Lows: Some sandwiches, such as the Asiago Roast Beef, highlight the mediocre quality of the meats and poultry served here - perhaps because they're designed to be mass-assembled at lunch time, all of the ingredients have the size, shape, and taste of machine-sliced, pre-prepared fare. Sub shops, even in chains such as Subway or Quizno's, do a better job of producing meats, cheeses, and vegetables that look and taste as if they're farm or market fresh, and that's saying something.
The biggest disappointment at Panera is the taste of pastries such as the Pecan Roll, which look stunning in the shop's displays and then taste utterly bland - often burnt - when served. What appeals to the eye sometimes doesn't resonate with the tongue, and the brown, caramelized glaze of sugar and cinnamon can easily remain pretty while tasting overdone.

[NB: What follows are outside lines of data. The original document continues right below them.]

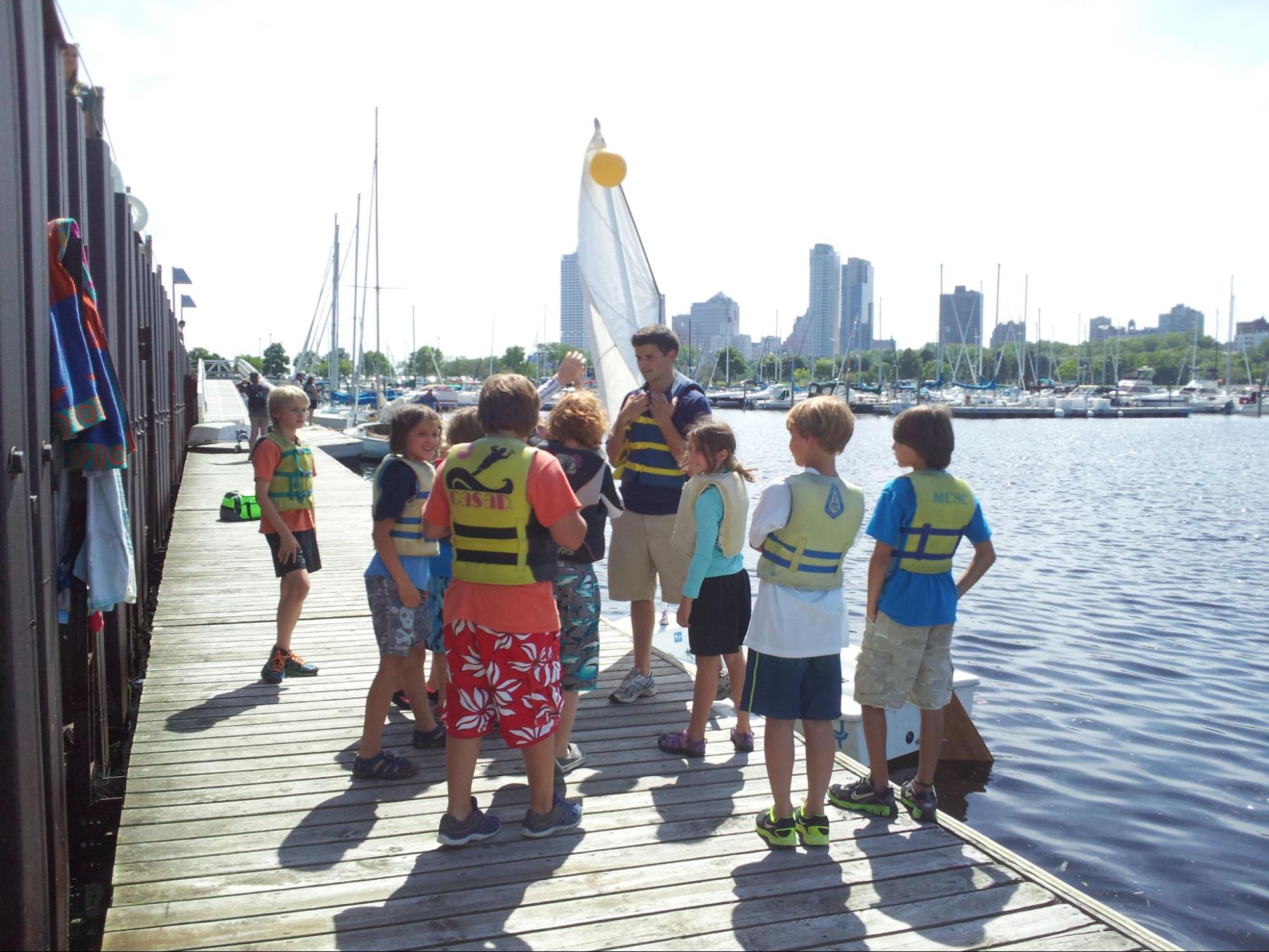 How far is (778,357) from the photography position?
364ft

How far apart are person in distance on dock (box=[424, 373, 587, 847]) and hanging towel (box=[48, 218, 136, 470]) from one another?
44.2 inches

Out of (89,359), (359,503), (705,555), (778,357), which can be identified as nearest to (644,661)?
(705,555)

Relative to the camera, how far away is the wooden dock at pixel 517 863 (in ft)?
10.1

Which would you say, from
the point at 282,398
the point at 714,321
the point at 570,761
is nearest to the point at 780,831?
the point at 570,761

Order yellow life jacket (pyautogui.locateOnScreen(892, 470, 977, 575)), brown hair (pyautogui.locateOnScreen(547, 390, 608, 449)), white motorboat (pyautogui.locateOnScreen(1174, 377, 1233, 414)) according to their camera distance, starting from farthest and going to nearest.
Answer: white motorboat (pyautogui.locateOnScreen(1174, 377, 1233, 414))
brown hair (pyautogui.locateOnScreen(547, 390, 608, 449))
yellow life jacket (pyautogui.locateOnScreen(892, 470, 977, 575))

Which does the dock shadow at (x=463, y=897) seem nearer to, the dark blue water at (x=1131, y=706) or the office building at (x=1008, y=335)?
the dark blue water at (x=1131, y=706)

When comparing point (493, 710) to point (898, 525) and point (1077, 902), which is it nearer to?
point (898, 525)

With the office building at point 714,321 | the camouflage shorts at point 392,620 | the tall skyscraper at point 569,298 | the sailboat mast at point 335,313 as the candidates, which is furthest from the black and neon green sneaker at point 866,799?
the office building at point 714,321

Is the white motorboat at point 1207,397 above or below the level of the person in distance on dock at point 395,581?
above

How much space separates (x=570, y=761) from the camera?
4379mm

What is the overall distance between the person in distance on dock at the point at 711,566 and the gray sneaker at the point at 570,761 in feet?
1.38

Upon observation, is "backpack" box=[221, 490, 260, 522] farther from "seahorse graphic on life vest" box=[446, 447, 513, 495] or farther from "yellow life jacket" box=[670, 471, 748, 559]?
"seahorse graphic on life vest" box=[446, 447, 513, 495]

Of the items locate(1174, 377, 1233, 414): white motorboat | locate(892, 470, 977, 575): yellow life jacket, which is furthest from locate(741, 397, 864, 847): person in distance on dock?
locate(1174, 377, 1233, 414): white motorboat

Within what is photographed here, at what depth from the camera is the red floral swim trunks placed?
3453 millimetres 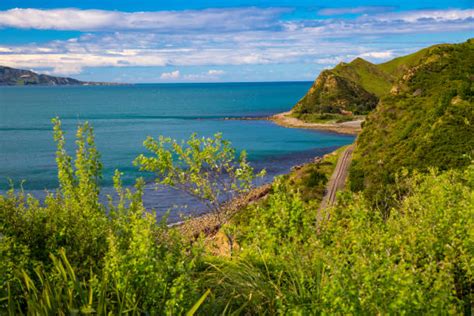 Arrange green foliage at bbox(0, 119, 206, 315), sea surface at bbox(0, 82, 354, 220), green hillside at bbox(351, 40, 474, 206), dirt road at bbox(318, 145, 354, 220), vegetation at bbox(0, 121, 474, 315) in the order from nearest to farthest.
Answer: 1. vegetation at bbox(0, 121, 474, 315)
2. green foliage at bbox(0, 119, 206, 315)
3. green hillside at bbox(351, 40, 474, 206)
4. dirt road at bbox(318, 145, 354, 220)
5. sea surface at bbox(0, 82, 354, 220)

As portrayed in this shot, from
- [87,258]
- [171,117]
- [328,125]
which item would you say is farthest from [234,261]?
[171,117]

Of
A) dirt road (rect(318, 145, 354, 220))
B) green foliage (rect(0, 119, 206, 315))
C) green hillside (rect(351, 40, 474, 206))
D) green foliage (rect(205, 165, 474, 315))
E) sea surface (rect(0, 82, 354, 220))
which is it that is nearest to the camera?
green foliage (rect(205, 165, 474, 315))

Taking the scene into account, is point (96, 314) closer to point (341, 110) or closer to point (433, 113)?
point (433, 113)

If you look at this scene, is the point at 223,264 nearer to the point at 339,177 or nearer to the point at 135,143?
the point at 339,177

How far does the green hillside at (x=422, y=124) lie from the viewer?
5713 centimetres

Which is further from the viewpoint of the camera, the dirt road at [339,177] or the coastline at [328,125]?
the coastline at [328,125]

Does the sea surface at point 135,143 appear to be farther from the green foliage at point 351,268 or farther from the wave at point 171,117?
the green foliage at point 351,268

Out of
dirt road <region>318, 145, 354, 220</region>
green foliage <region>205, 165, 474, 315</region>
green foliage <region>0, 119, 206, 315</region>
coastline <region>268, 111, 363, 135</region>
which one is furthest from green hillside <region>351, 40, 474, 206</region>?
coastline <region>268, 111, 363, 135</region>

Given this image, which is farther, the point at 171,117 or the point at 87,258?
the point at 171,117

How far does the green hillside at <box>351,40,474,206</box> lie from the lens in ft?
187

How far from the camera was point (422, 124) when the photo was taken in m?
67.6

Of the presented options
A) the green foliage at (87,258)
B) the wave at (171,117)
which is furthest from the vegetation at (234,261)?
the wave at (171,117)

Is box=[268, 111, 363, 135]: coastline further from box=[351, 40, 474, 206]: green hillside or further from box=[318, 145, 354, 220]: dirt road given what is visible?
box=[318, 145, 354, 220]: dirt road

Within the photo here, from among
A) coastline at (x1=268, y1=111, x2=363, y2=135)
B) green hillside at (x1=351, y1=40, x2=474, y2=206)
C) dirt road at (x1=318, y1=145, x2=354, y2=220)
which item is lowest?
dirt road at (x1=318, y1=145, x2=354, y2=220) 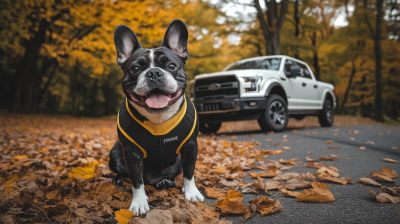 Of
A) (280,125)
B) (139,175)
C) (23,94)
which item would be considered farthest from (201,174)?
(23,94)

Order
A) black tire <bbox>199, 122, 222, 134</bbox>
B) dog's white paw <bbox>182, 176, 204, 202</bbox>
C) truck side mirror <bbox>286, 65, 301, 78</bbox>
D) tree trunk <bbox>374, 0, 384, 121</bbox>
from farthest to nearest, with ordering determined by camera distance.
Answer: tree trunk <bbox>374, 0, 384, 121</bbox> < black tire <bbox>199, 122, 222, 134</bbox> < truck side mirror <bbox>286, 65, 301, 78</bbox> < dog's white paw <bbox>182, 176, 204, 202</bbox>

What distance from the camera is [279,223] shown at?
152 cm

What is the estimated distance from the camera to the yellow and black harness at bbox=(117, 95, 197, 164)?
1.90m

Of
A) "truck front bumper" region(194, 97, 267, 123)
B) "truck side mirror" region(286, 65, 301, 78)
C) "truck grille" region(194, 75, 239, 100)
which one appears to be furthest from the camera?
"truck side mirror" region(286, 65, 301, 78)

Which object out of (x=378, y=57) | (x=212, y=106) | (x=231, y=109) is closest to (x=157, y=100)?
(x=231, y=109)

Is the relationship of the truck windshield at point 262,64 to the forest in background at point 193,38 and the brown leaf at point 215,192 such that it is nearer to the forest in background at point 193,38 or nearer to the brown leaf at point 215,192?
the forest in background at point 193,38

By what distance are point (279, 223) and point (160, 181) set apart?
1.21 m

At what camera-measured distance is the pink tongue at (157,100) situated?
186 centimetres

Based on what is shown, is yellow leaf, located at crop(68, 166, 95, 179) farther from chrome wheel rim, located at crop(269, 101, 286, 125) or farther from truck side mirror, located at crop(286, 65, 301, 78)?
truck side mirror, located at crop(286, 65, 301, 78)

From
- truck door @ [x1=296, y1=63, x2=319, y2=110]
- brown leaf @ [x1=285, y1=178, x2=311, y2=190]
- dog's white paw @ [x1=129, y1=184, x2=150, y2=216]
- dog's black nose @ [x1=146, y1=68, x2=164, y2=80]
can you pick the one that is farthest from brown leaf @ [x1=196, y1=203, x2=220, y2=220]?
truck door @ [x1=296, y1=63, x2=319, y2=110]

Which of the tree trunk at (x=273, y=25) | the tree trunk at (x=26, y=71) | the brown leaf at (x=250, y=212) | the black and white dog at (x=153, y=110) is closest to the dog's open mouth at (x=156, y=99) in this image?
the black and white dog at (x=153, y=110)

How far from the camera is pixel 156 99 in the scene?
190 cm

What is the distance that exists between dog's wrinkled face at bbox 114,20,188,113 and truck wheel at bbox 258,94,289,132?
4271 mm

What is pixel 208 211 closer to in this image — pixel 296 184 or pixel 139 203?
pixel 139 203
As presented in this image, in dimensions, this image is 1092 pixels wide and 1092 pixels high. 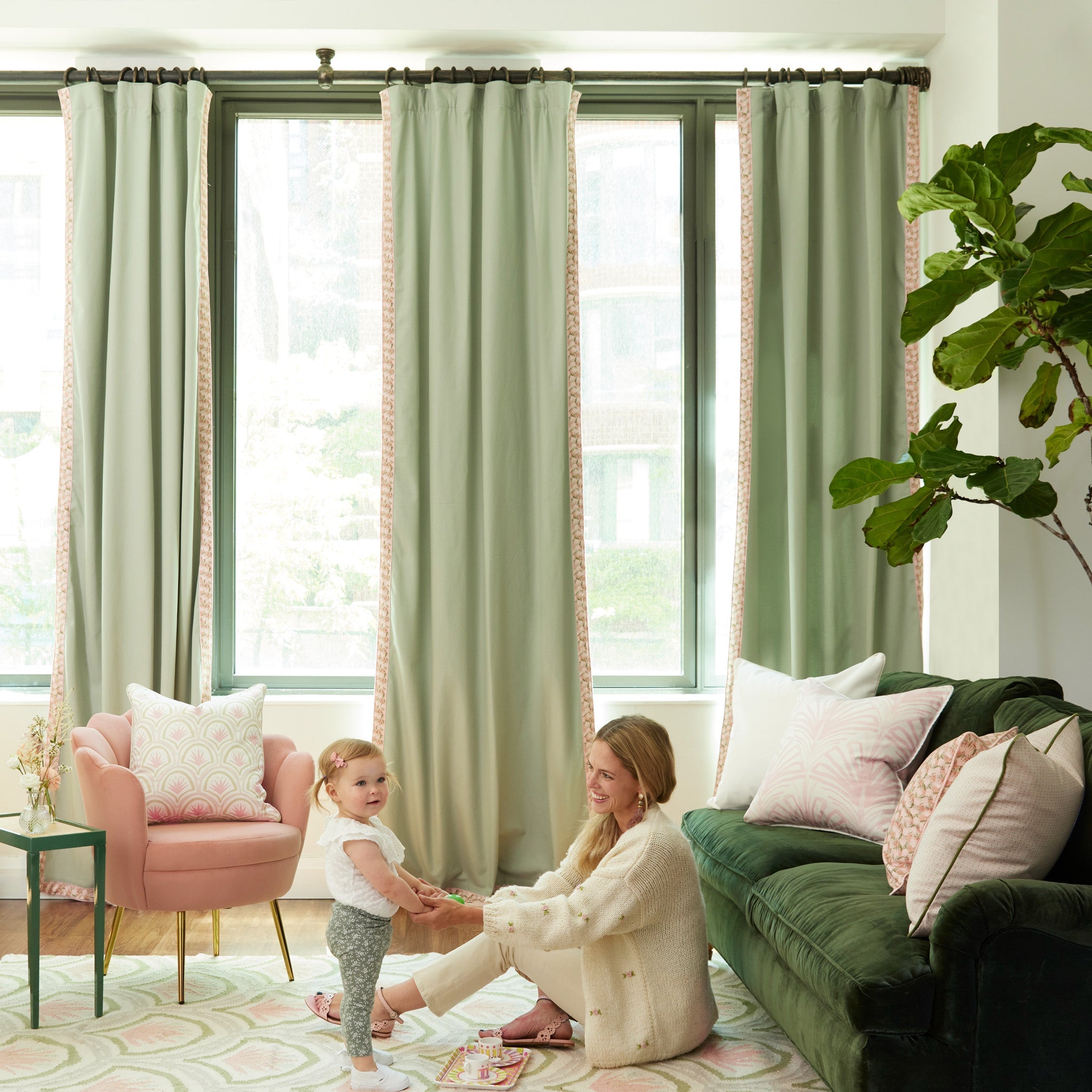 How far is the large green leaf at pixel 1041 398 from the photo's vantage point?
294 cm

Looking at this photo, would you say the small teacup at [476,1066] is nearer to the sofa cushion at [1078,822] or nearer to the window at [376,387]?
the sofa cushion at [1078,822]

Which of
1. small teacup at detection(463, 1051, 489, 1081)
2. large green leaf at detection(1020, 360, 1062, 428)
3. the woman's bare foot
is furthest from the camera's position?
large green leaf at detection(1020, 360, 1062, 428)

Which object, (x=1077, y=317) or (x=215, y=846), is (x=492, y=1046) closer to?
(x=215, y=846)

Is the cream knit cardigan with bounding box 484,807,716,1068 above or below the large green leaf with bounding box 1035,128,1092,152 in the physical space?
below

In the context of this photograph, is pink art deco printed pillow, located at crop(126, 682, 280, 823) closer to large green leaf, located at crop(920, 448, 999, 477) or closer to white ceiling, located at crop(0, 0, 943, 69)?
large green leaf, located at crop(920, 448, 999, 477)

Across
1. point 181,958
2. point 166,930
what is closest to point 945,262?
point 181,958

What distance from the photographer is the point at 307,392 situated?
13.1ft

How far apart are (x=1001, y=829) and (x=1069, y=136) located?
169cm

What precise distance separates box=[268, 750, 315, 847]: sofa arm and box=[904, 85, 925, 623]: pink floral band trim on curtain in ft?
7.12

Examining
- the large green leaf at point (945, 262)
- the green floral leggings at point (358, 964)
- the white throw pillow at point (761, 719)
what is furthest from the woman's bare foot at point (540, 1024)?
the large green leaf at point (945, 262)

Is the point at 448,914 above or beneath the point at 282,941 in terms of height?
above

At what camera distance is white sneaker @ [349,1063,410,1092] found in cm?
223

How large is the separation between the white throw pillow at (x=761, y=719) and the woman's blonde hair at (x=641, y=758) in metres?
0.77

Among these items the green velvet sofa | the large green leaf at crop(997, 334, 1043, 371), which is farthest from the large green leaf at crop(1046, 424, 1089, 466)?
the green velvet sofa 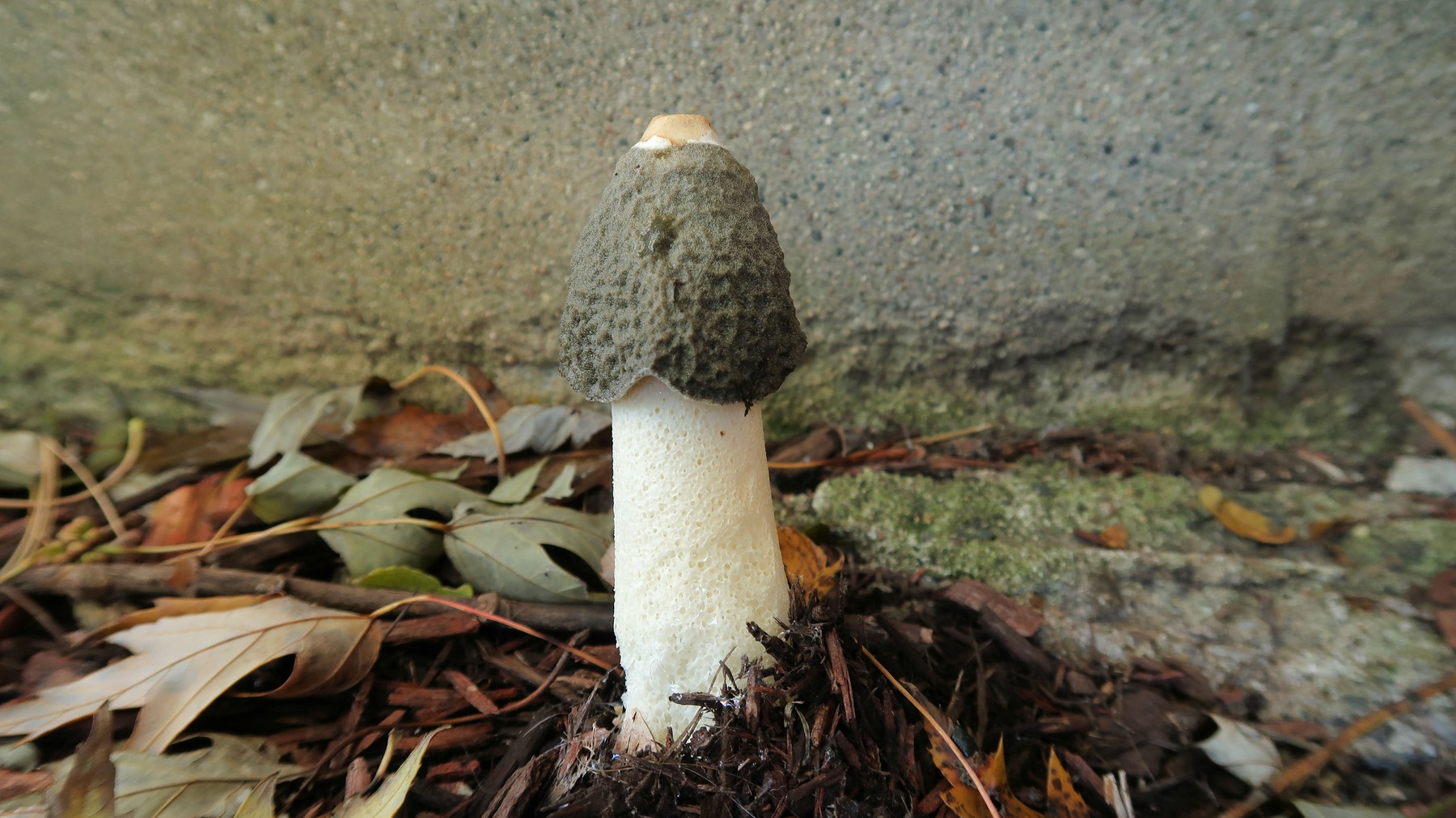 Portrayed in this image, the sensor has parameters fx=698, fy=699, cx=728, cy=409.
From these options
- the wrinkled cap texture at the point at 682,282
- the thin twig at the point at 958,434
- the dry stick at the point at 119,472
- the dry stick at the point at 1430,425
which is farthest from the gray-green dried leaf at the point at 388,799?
the dry stick at the point at 1430,425

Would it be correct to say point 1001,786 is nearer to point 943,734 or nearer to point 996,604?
point 943,734

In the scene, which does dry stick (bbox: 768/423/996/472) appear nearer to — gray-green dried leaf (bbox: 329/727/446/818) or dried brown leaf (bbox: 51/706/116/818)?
gray-green dried leaf (bbox: 329/727/446/818)

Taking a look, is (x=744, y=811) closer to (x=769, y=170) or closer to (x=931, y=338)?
(x=931, y=338)

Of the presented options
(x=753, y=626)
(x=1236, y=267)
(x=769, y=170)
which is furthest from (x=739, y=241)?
(x=1236, y=267)

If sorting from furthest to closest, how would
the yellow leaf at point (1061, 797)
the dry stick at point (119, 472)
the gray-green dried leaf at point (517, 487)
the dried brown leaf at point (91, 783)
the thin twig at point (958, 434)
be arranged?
the thin twig at point (958, 434), the dry stick at point (119, 472), the gray-green dried leaf at point (517, 487), the yellow leaf at point (1061, 797), the dried brown leaf at point (91, 783)

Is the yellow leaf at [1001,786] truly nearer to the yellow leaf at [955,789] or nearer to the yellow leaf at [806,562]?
the yellow leaf at [955,789]

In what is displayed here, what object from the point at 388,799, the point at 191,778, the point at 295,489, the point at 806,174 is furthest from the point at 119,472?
the point at 806,174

The Verdict: Though we do eat at Panera Bread from time to time, we've found photographing the offerings to be more satisfying than consuming them. Pricing strikes us as a little high for the quantity and quality of food served, and for salads, we strongly prefer shops like the Great Northern Pizza Company that deliver more organic, interesting, and plentiful items for the same dollars. That said, if you're a big fan of breads and willing to accept the carbs they entail, you'll be pleased by the stomach padding they offer here as sides or as major components of the items you order; similarly, if you're in the need of a place to work and eat at the same time, Panera's free Wi-Fi is a nice draw that makes up a little for the omissions in its meals.